I went to a bible study Tuesday night and felt like I was in fifth-grade Sunday school. We were talking about prayer, working through a booklet that had chosen cartoons, captions and verses to help aid the discussion. Psalm 62:8 “Trust in him at all times, O people; pour out your hearts to him, for God is our refuge.” What “key’s” to prayer can you find within this verse? The leader tried to pull answers out of us. I knew what he wanted to hear, that we should trust God at all times, but I couldn’t bring myself to say it. It was so painfully simple and dumbed-down, so I sat in annoyed silence. We moved on to Philippians 4:6-7, where we learned that we should not be anxious about anything, but give God our worries. I’m not sure how took us ten minutes to discover this “prayer key,” maybe because I wasn’t helping. Snobby, I know. Trust me, I felt terrible later that night, who am I to say where or how Gods truths can be shown? Sometimes simplicity holds the most truth. Our deep conversations and thoughts may only lead us into more confusion and complication, potentially steering us farther from what God is trying to teach; yet Tuesday night I sat in silence. Maybe it is because of the way I have been experiencing God since I have been here. It has been so radically different, unable to put into a form or drawn out by a question. It has been much more abstract, yet more present than ever. I have discovered that I no longer find time to think/pray/study God, but without realizing it, I am constantly. Maybe it is because my days are less busy, mind less full and I’m living within an adventure, but God has seemed to flow into the spaces I have opened up and flooded my soul.

After experiencing God so abstractly and without form for the last two months.
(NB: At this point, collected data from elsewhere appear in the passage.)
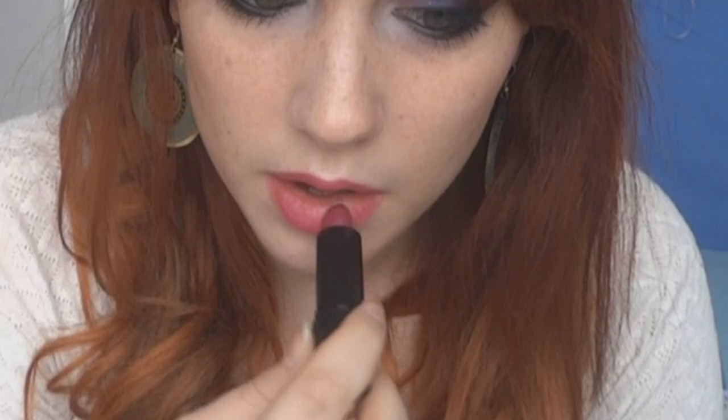And for the lips, I would honestly go with something really pink — just like that. That's basically the finished look, guys. I hope you enjoyed watching this video and I will talk to you very soon, bye bye!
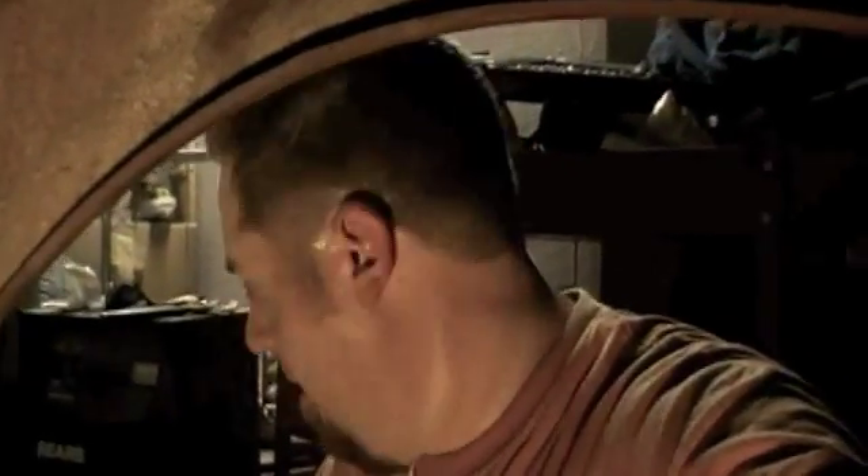Hey YouTube, still working on this '65, this front end swap. Right now I'm on the driver's side — you're actually inside the inner fender. I wanted to give everyone a quick update.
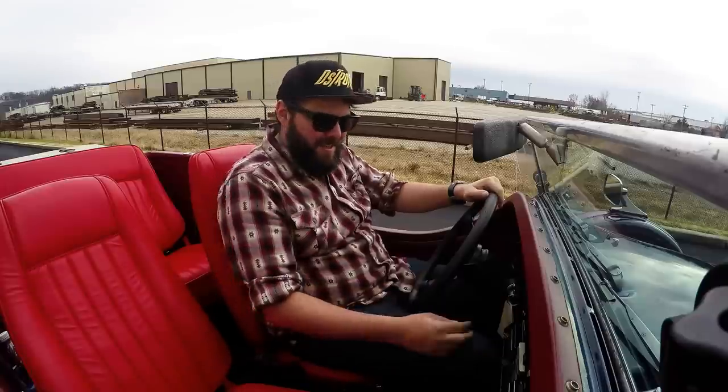Hi, welcome back to Moto Exotica. I'm Ryan and this is a 1977 Excalibur 3. Let's take it for a spin.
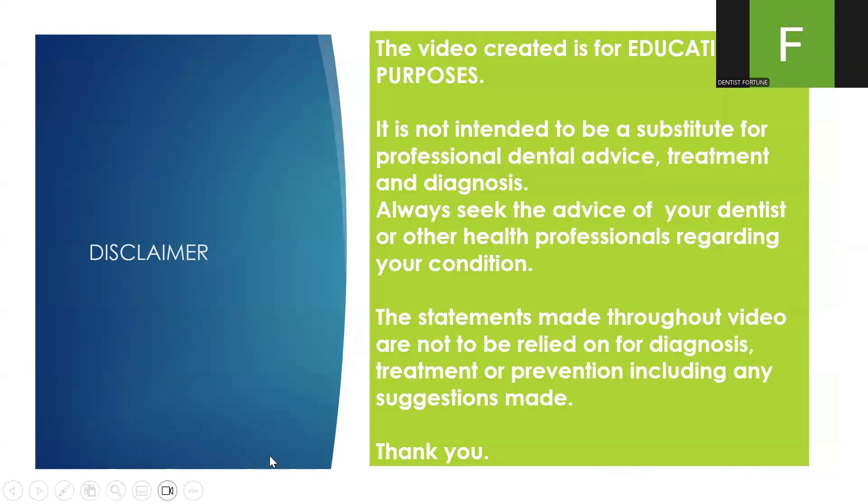This is a disclaimer. This video is for educational purposes. It's not intended to be a substitute for professional dental advice. Always seek the advice of your dentist or other health professionals regarding your condition. The statements made through our video are not to be relied on for diagnosis, treatment, or prevention, including any suggestions made.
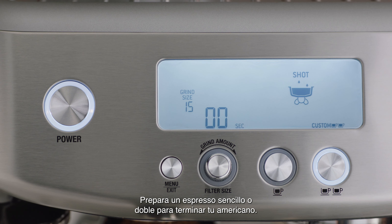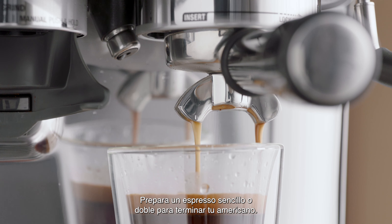Brew a single or double shot of espresso to combine and finish off your Americano.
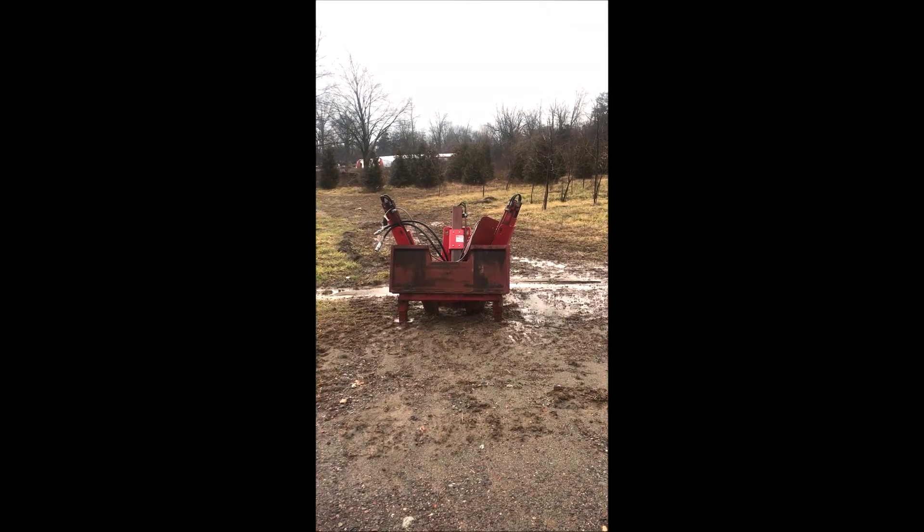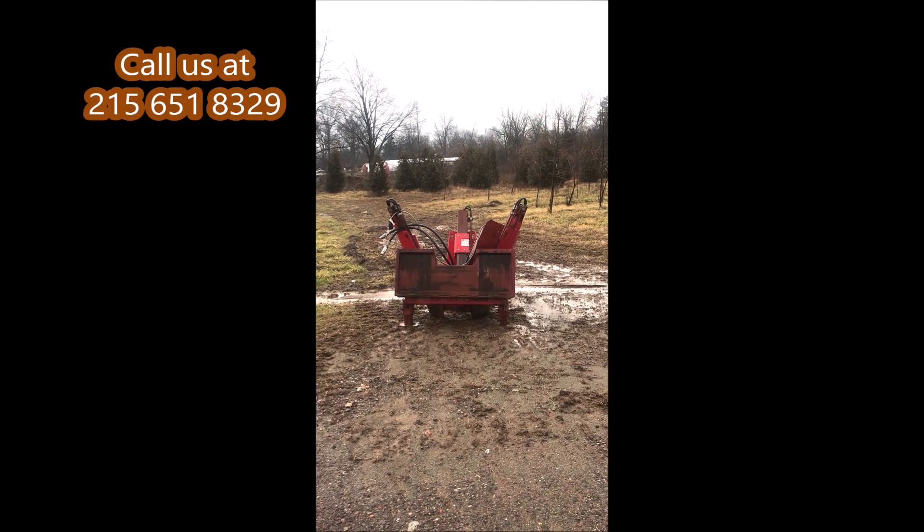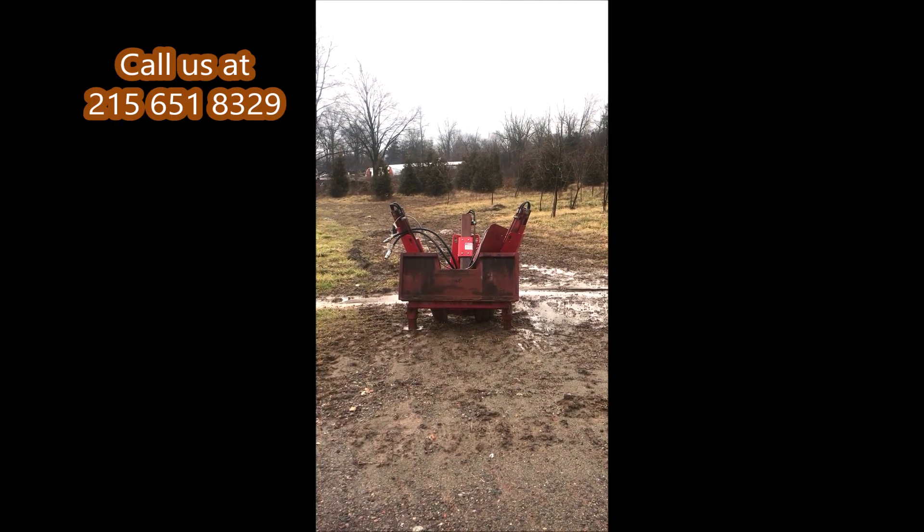This is a Red Boss Tree Spade. We're interested in buying Red Boss Tree Spades. If you have any, give us a call at Highland Hill Farm: 215-651-8329.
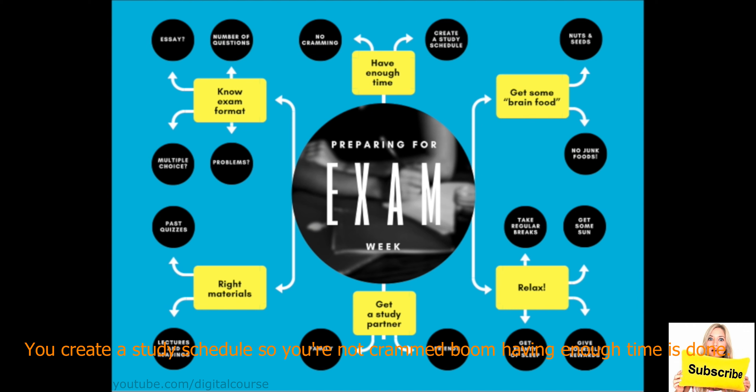Having enough time is done once you create a study schedule. You get nuts and seeds, put them at home, remove all the junk food — now all you have to eat is brain food, so that branch is done. For relaxing, you put reminders on your phone every two or three hours of studying to take a break. You talk to your friend and find out he has the same problem — he can't focus when studying alone, so you've got a study partner. You get all the right materials — lectures, readings, past quizzes — and you know the exam format for each exam. Before you know it, you've finished preparing for exam week and you're ready to nail it.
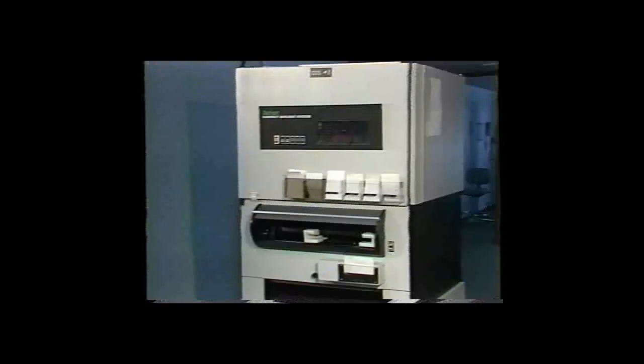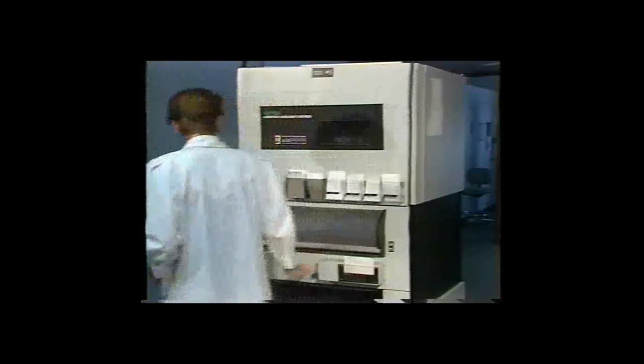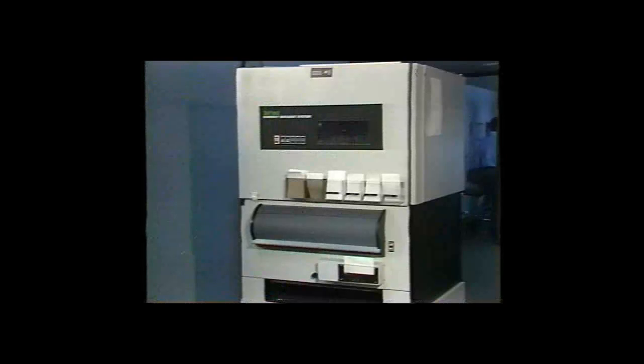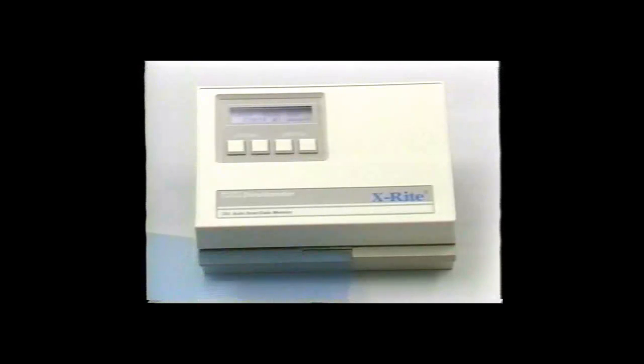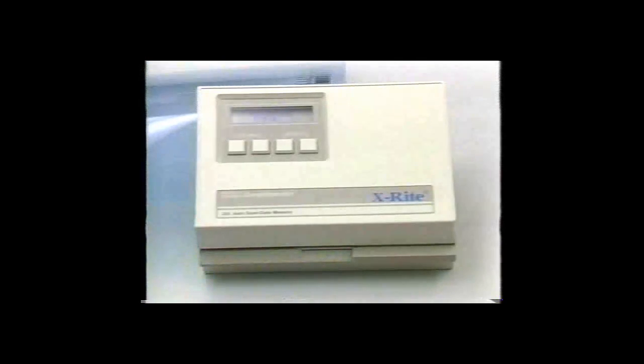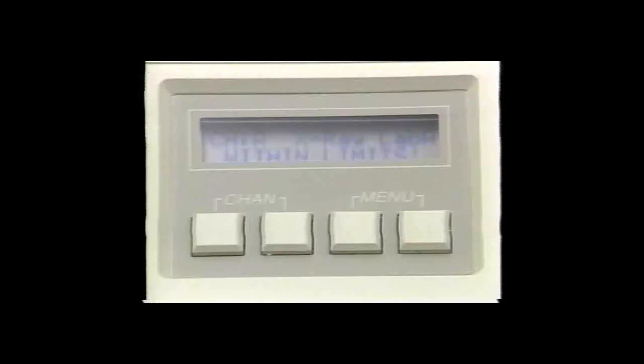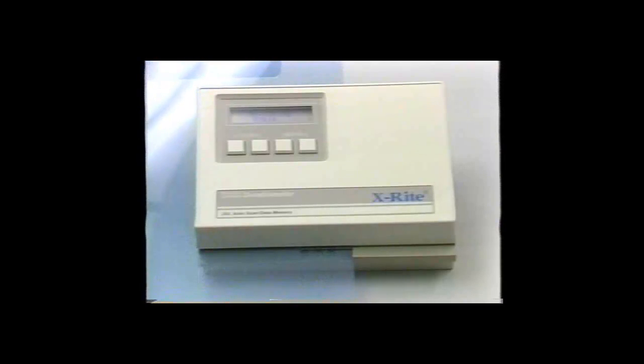If you're keeping a daily log to make sure the processor is in control, there's an added bonus in the 381: a limit test function. You simply read a reference strip developed with seasoned chemistry and proper processor temperature and speed. Then each time you measure a control strip, the 381 will compare those readings with the reference strip data, and the display will indicate if the control strip data is within or exceeds the limits you have set — a convenient alternative to your daily control log.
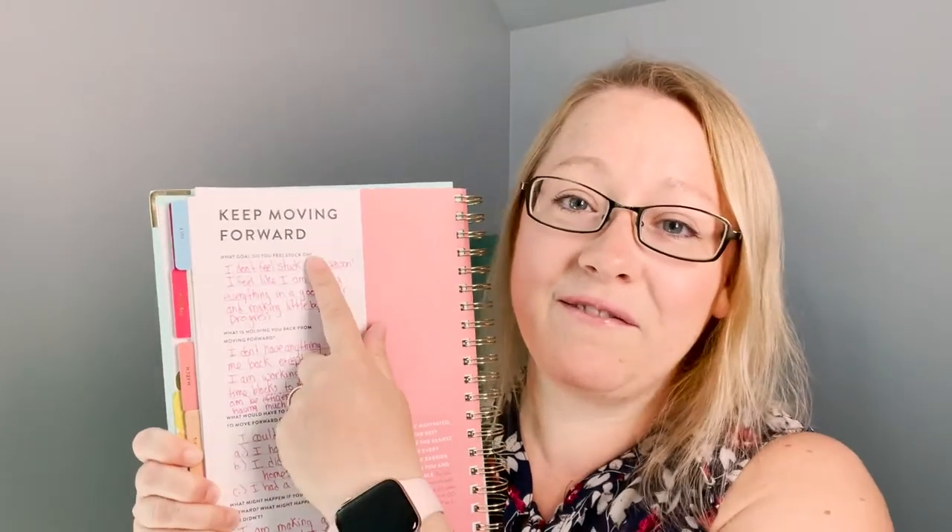The next section is 'keep moving forward,' and it asks what goal you feel stuck on. I said I don't really feel stuck at all this season. I am feeling really good about my goal progress. You might be watching my goal videos and think I'm not making a huge amount of progress, but personally I feel like I'm accomplishing so many things I've wanted to work on this year and making progress little by little.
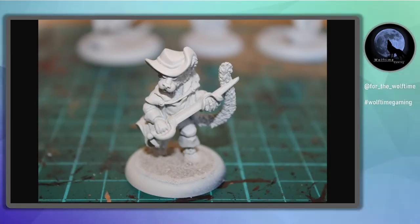Hello and welcome to another Wolf Time Gaming video. Today I'm going to be painting up the Cat Duelist from Oathsworn for Burrows and Badgers — an absolutely fantastic looking sculpt. I love the way he's cleaning his sword. I've got a few ideas, but before we get to that, let's get the kettle on.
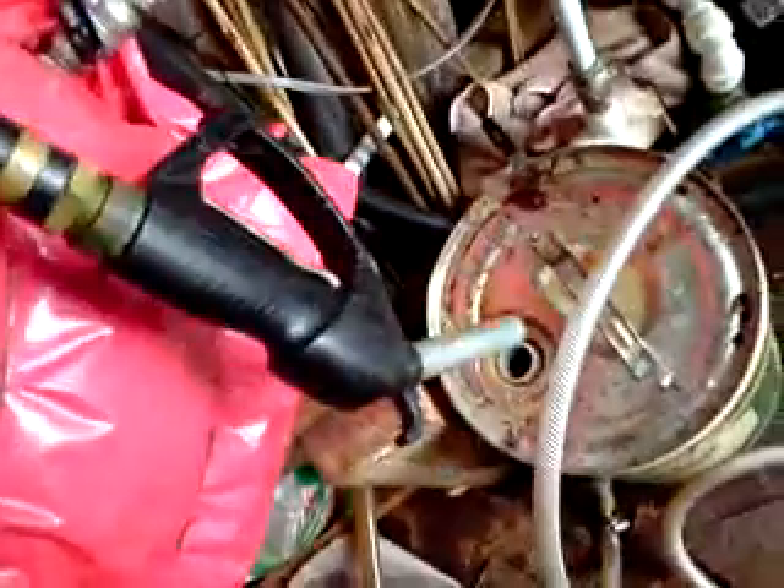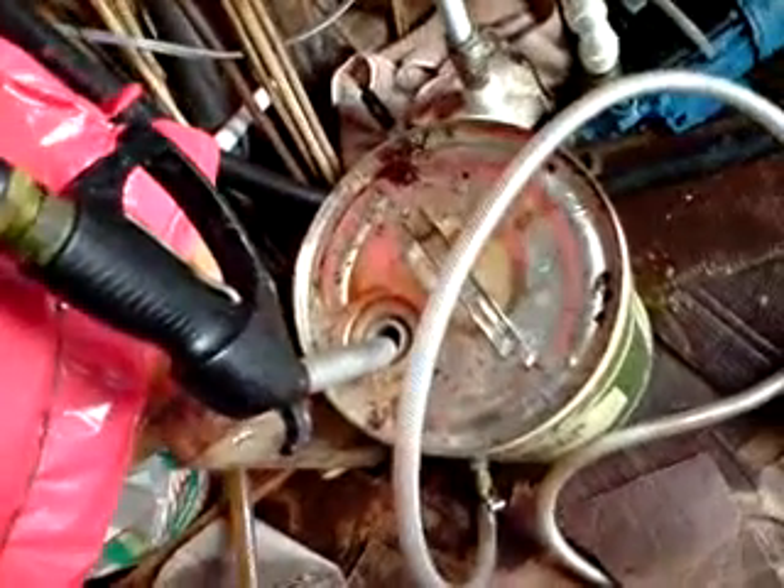And then it comes out, and I've even got one of these guns like you've got at the petrol station. And that's pretty much that.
Friends here, and I have discussed how there has been no place we have walked into a room with Christian music playing and “entered into worship,” but instead, worship has seemed to effortlessly flow out of us as we stand humbled by nature, giving us a genuinely divine experience.

I honestly do feel terrible about my attitude Tuesday night. Each person I was with was wonderful and honestly did reveal to me Christ, just not in the ways they thought. I saw God in the way she was earnestly seeking, within the stories he told that focused and enjoyed every detail of life, among his lighthearted energy and the way they so openly brought me into their group. I just have a complex: I don’t know if I am a snob, needing to be humbled and an attitude adjustment, or if that place wasn’t really for me right now. God, what are your thoughts?

Legolas Sighting




Last weekend we ventured down south to the Routeburn Track, a famous three-day hike through rouged mountains and jaw dropping scenery. The trail is also know as being located in “Lord of the Rings Country” and there were various cliffs that we expected to see Legolas and Aragorn come riding boldly over the horizon. Strangely enough we never did (so I guess my title is a lie), but we did a little reenactment of an epic battle scene. Our three day-two night tramp was amazing and very soggy. It rained the entire time, but there was something about the rain that felt authentic. Mountains are not made for sunshiny paths and whistling tourist, but are wild. They trap clouds around their tips, swirl wind through rocky ridges and change harmless drops into frigid flakes. Hidden within their wild weather and untamed landscape is beauty only able to be experienced by humbling entering at the mercy of the mountain. Pictures are unable to capture what is seen through the drops but it only leaves the sights more of a treasure for those who venture inside.